RECORDS FOR THE EXERCISE
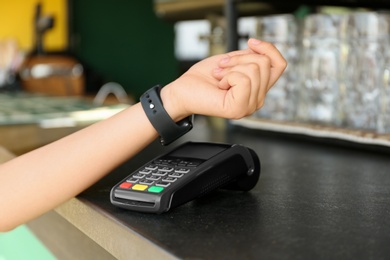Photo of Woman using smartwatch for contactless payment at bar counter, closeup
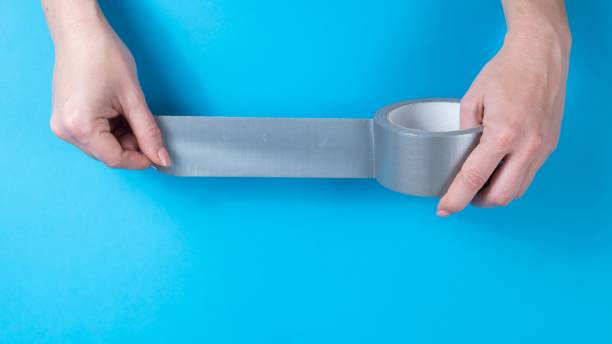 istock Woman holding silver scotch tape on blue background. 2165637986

...

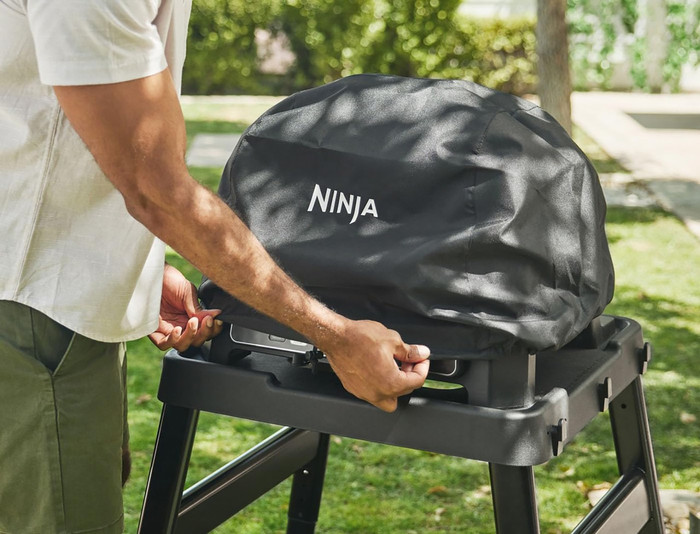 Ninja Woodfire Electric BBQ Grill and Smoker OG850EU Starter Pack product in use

...

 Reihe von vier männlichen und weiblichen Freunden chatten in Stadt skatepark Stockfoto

TASK GOAL
Beginning at the line above that contains "Photo of Woman", repeat each line exactly through the one that contains "istock Woman holding", and leave out the pictures.

SOLUTION TO THE EXERCISE
Photo of Woman using smartwatch for contactless payment at bar counter, closeup
 istock Woman holding silver scotch tape on blue background. 2165637986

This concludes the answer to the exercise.